On Thursday, July 22, the Biden administration sanctioned individuals and entities deemed responsible for the government’s reaction.  

In Washington, as well as South Florida, people call for action. What can the U.S. do to assist the protestors and pressure the Cuban government into making democratic reforms, they ask?  

History, however, suggests that Americans should be wary of trying to promote democracy in Cuba. For about a century, we have done little else—with unsatisfying results. 

For about sixty years, Cuba was a protectorate of the United States. From 1898 to 1959, the United States intervened in Cuban politics regularly, either with soldiers or diplomats, usually in support of a strong man who served American interests first, Cuban interests second. 

Neither stability nor democracy followed. Instead, Cubans endured corruption, election fraud, and occasional dictatorships, all the while knowing that they did not live in a sovereign country. 

In 1959, Fidel Castro and his barbudos overthrew the last American-supported dictator. In a few short years, Castro’s regime nationalized U.S. businesses, allied itself with the Soviet Union, America’s adversary, and became a socialist dictatorship. 

The American response was swift. Hoping to overthrow Castro, Cuban exiles, supported by the CIA, landed at the Bay of Pigs in 1961. They failed, languishing in Castro’s prisons. 

After the Bay of Pigs, the Kennedy administration embarked on a guerilla war, sponsoring sabotage and repeated attempts to assassinate Fidel Castro. 

The Kennedy administration also imposed an embargo, designed to compel the Castro regime to change its foreign and domestic politics. 

Almost sixty years later, the embargo remains in place today—along with the Castro regime, in all its undemocratic glory.  

Today Americans are again calling for interventions in Cuba. Their leaders seem to agree, if somewhat vaguely. 

Florida’s Governor Ron Desantis, for example, demands “tightening the screws” against the Cuban regime; U.S. Senator Marco Rubio appeals for increased action from the Biden administration; U.S. Representative Val Demings insists that the Biden administration “stand” with the Cuban protestors. 

Because of such demands, the Biden administration is considering ways to restore the internet to Cuba. The Cuban government disrupted internet service, used by protestors to organize. 

It remains unclear, however, if today’s protestors want or need U.S. intervention. 

Born in the 1980s and 1990s, now in their twenties, thirties, and forties, these protestors have seen the Cuban state break its contract with the people. 

For better than thirty years, the Castro regime offered a quid pro quo: We will give you the necessities of life, as well as health care and education; in exchange, you will refrain from dissent.  

But the Soviet Union collapsed in 1991, ending billions in subsidies for Cuba. The result was the Special Period, a time of intense of economic privation. 

Eventually, the Castros admitted their economic failures and instituted reforms. Most significantly for this generation, the government allowed Cubans to operate private businesses, rather than rely on the state for their livelihoods. 

know these Cubans. They tend to be younger and better educated. They all operate businesses, legal and illegal. 

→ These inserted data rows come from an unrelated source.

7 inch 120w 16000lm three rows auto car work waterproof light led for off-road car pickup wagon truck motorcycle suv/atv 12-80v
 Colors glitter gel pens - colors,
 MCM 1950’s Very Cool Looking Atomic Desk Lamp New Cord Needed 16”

They have smartphones and use WhatsApp to do business and organize politically.

They are what we might call “inclusive,” drawing support from Cubans of colors.  

They want greater freedom of expression and support the San Isidro Movement. 

They are not anti-American; most have family and friends who live in the U.S. 

But they loathe the U.S. embargo every bit as much as they reject socialist planning; they know that both make their lives more burdensome, their opportunities fewer. 

And they feel betrayed by the United States government. In 2015, President Obama promised a new relationship between Havana and Washington, D.C. But President Trump reneged on that promise, in part to appease the Cuban-American community. The Biden administration shows no sign of returning to Obama’s path. 

This could be Cuba’s new revolutionary generation. Will America’s leaders refrain from interventions and allow them to create a new nation for themselves?  

History suggests that this will be difficult for Americans to do. 

History also suggests that it may be necessary.